• **Assignment**
Without copying any picture, transcribe exactly the lines of the data below from the one containing "Plug-In Advance #15" through the one containing "Cherry tomatoes with cucumber".
Top of Available data
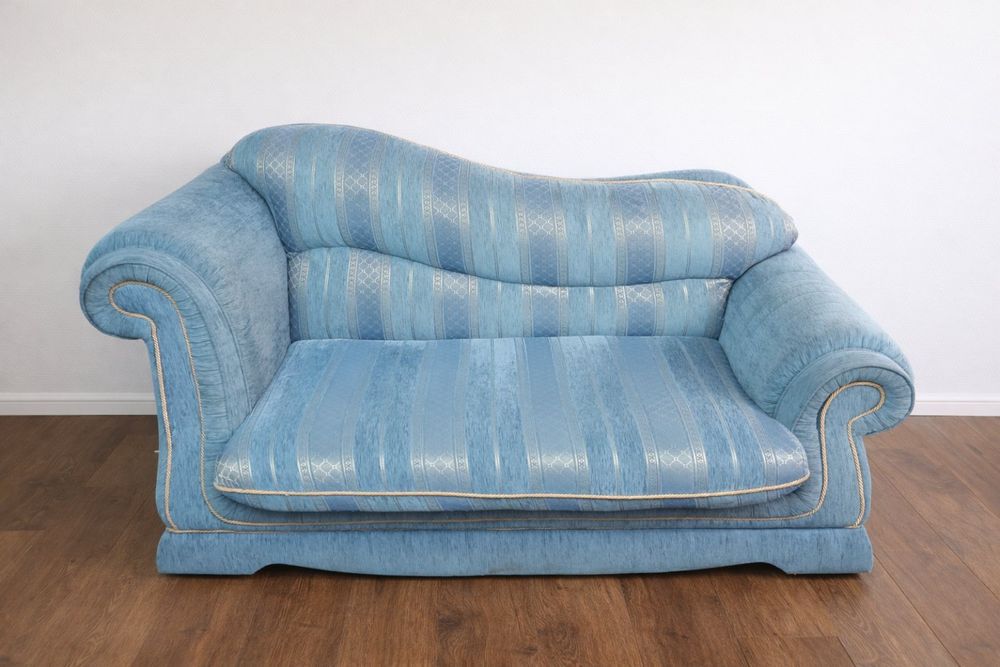 Продам диван малютка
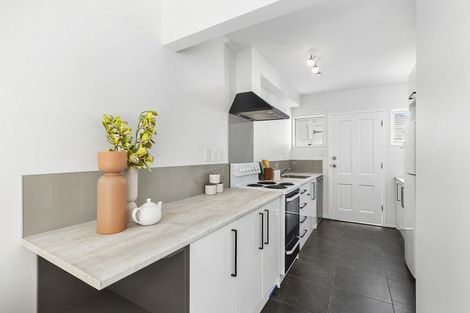 Photo of property in 2/102 Endeavour Street, Lyall Bay, Wellington, 6022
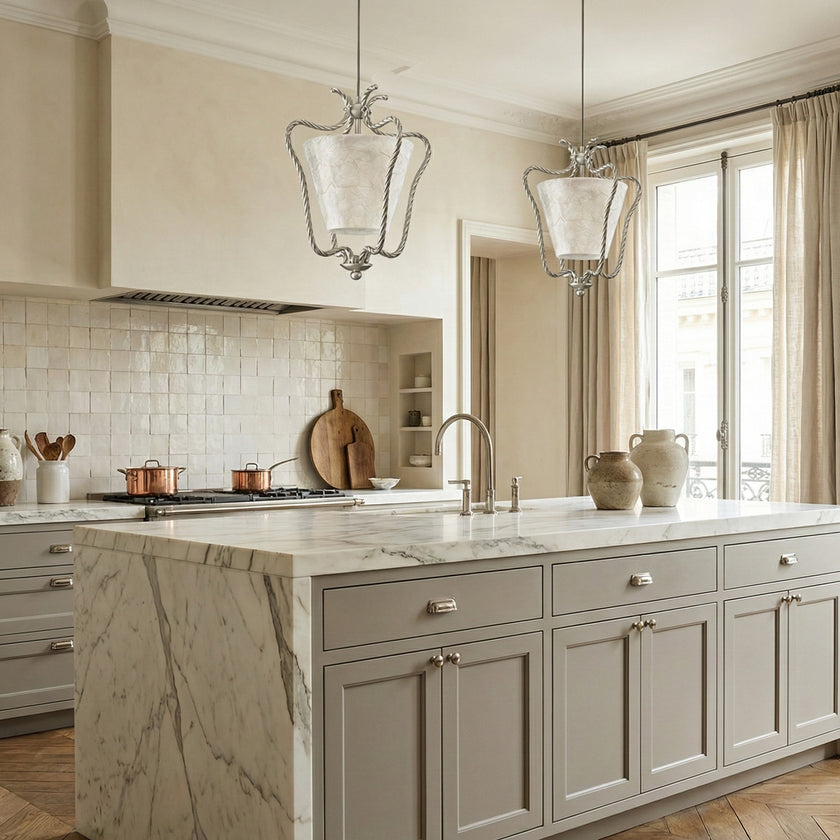 OSTRELLA Natural Shell Pendant Light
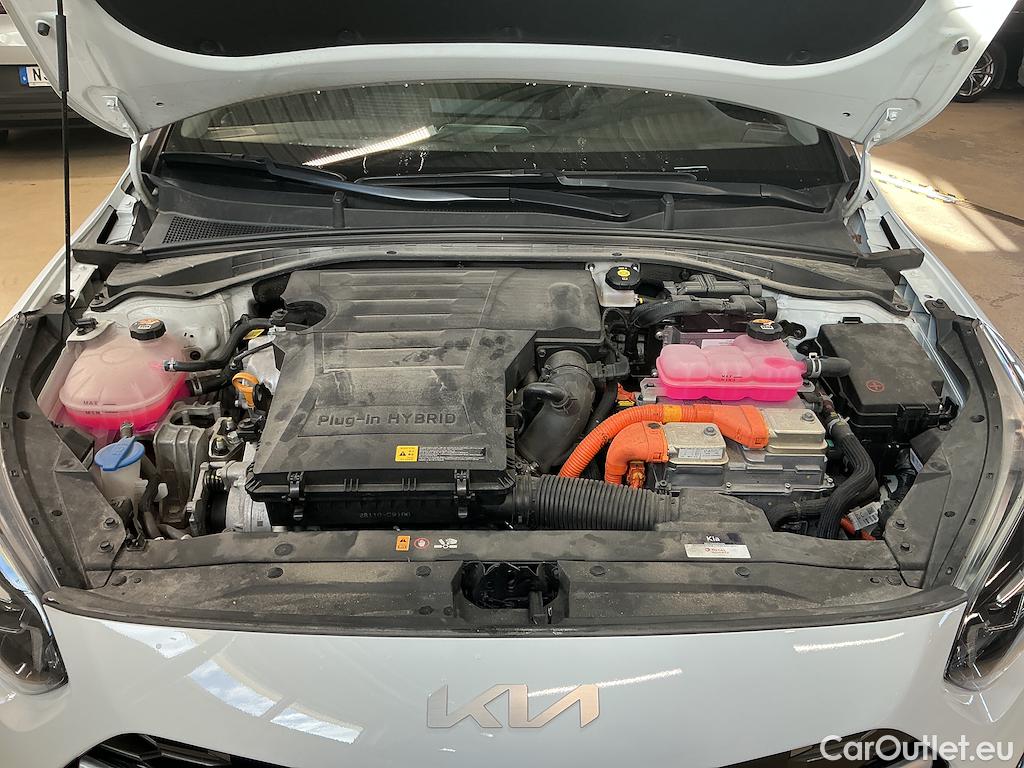 KIA  Cee'd SW Plug-In Advance #15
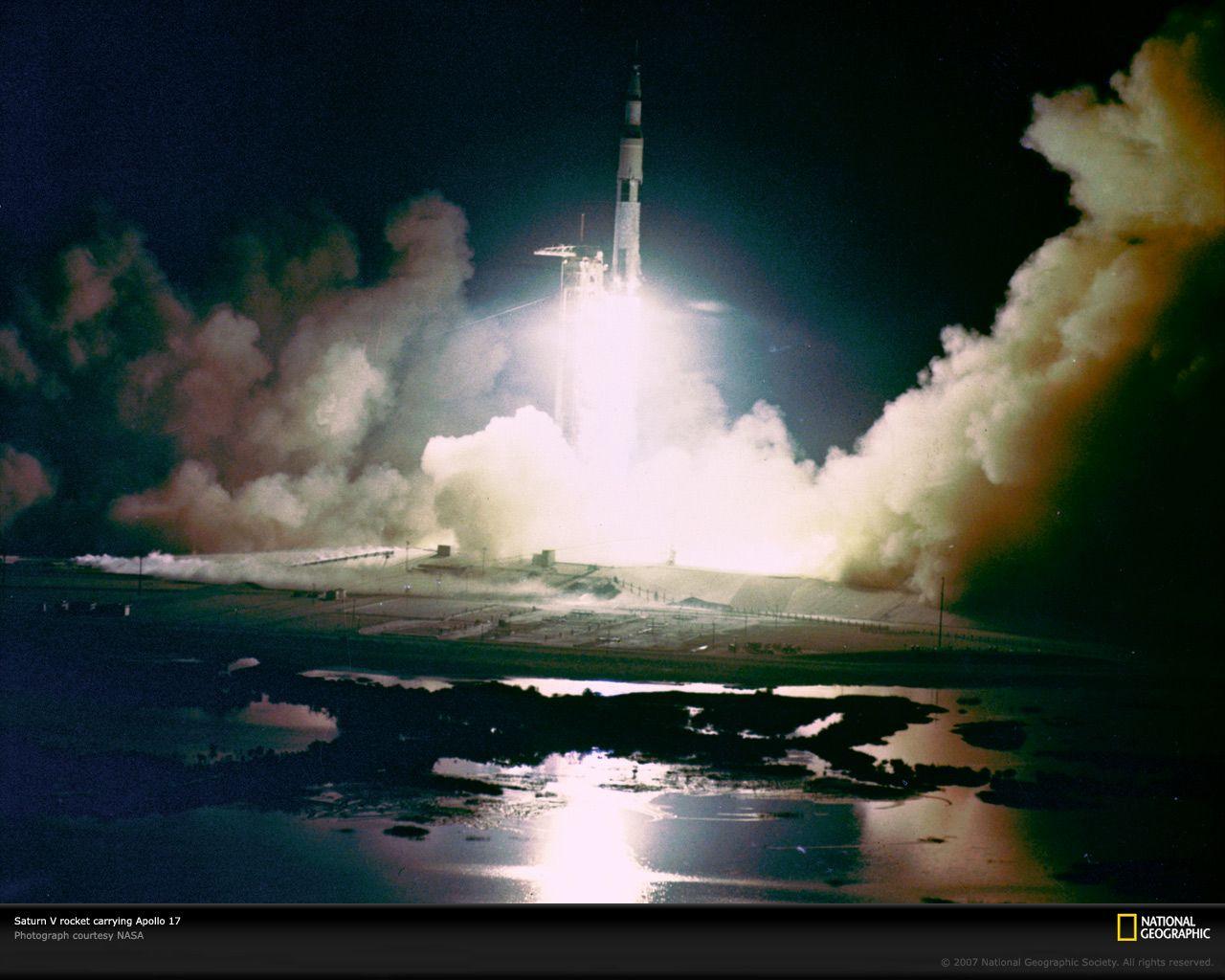 1280x1024 Stunning Saturn V Wallpaper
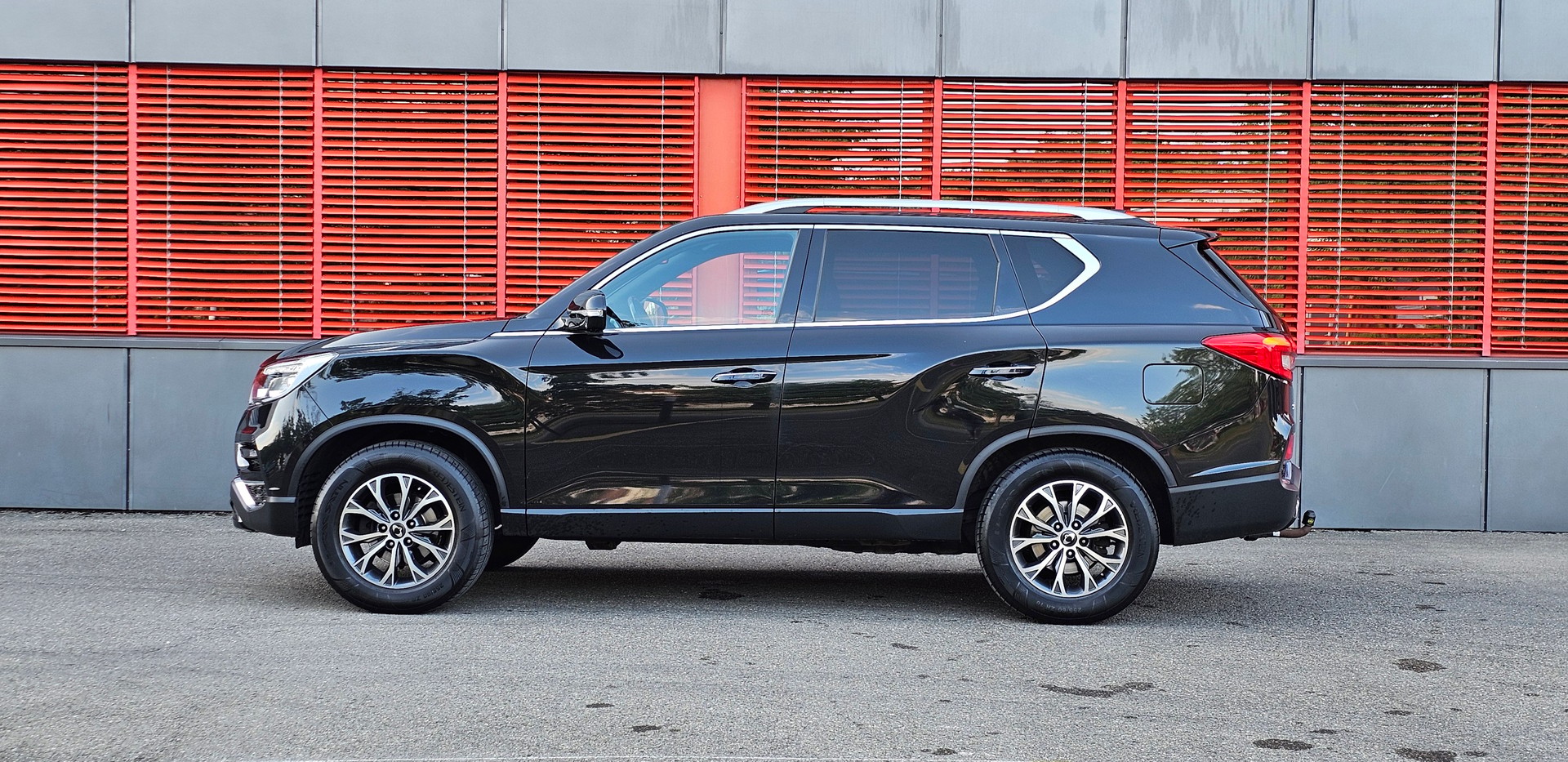 KGM-SsangYong Rexton RX220 e-XDi Sapphire 4WD-image-4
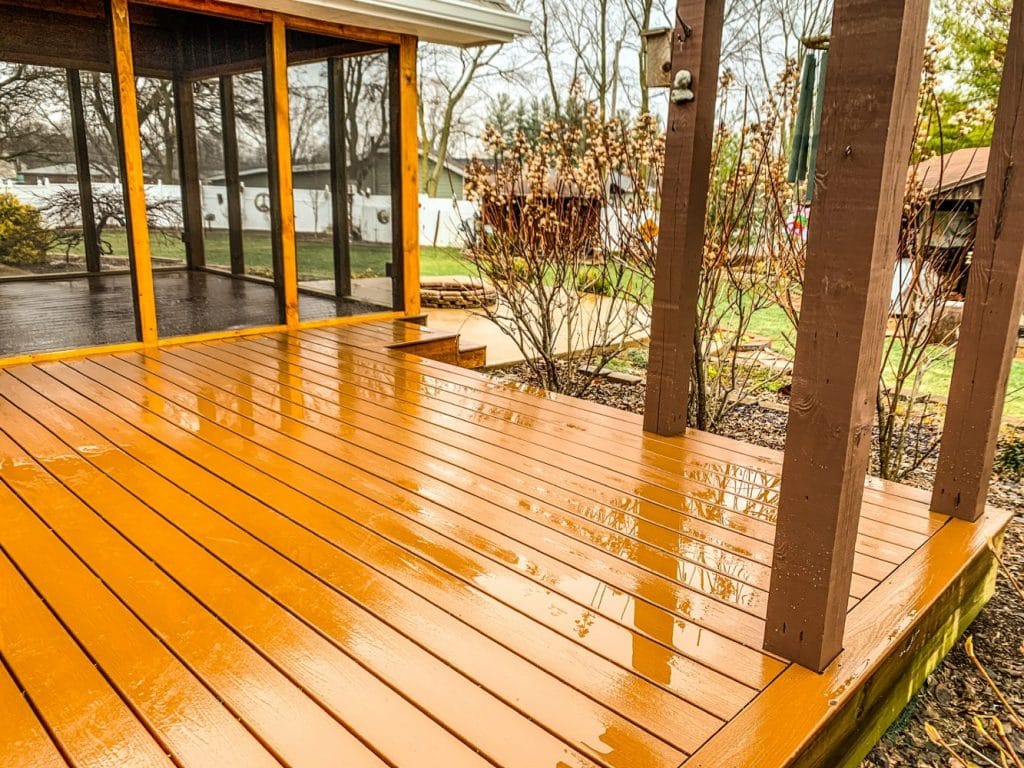 BGW Construction - Screened Porch after Trex Installation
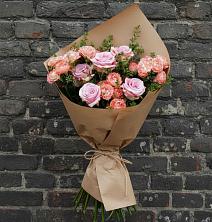 Букет цветов из:  Розы в Каменецкий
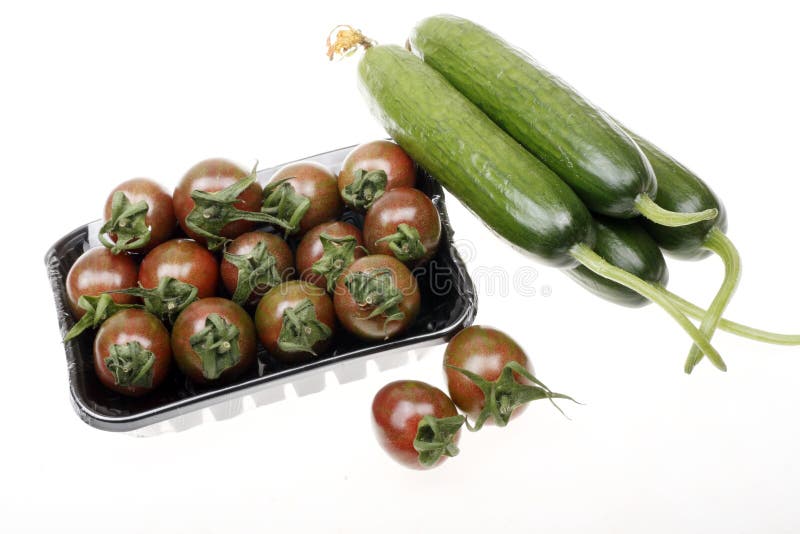 Cherry tomatoes with cucumber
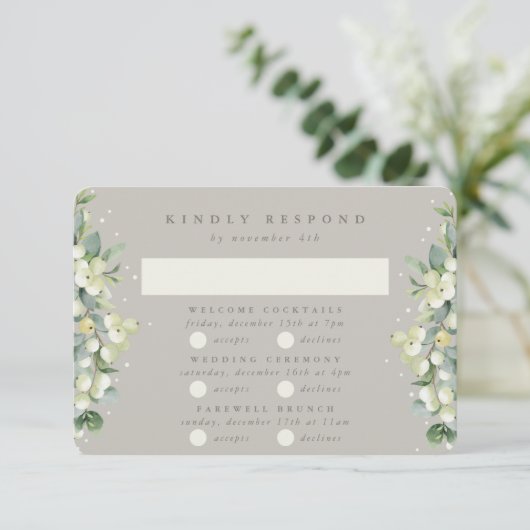 Greige Snowberry+Eucalyptus Wedding Multi-Event RSVP Karte (Stehend Vorderseite)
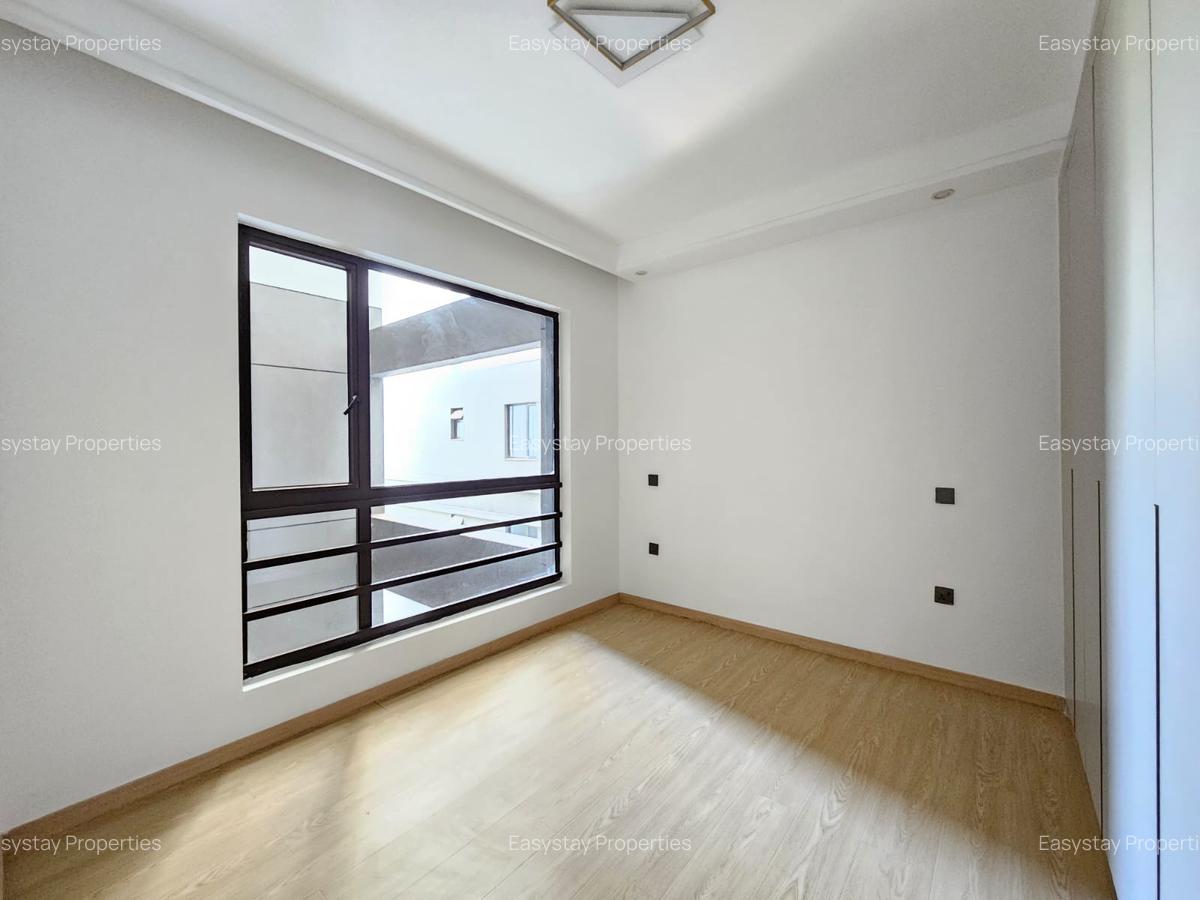 2 Bed Apartment with En Suite in Riverside - 8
Bottom of Available data
• **Problem solution**
 KIA  Cee'd SW Plug-In Advance #15
 1280x1024 Stunning Saturn V Wallpaper
 KGM-SsangYong Rexton RX220 e-XDi Sapphire 4WD-image-4
 BGW Construction - Screened Porch after Trex Installation
 Букет цветов из:  Розы в Каменецкий
 Cherry tomatoes with cucumber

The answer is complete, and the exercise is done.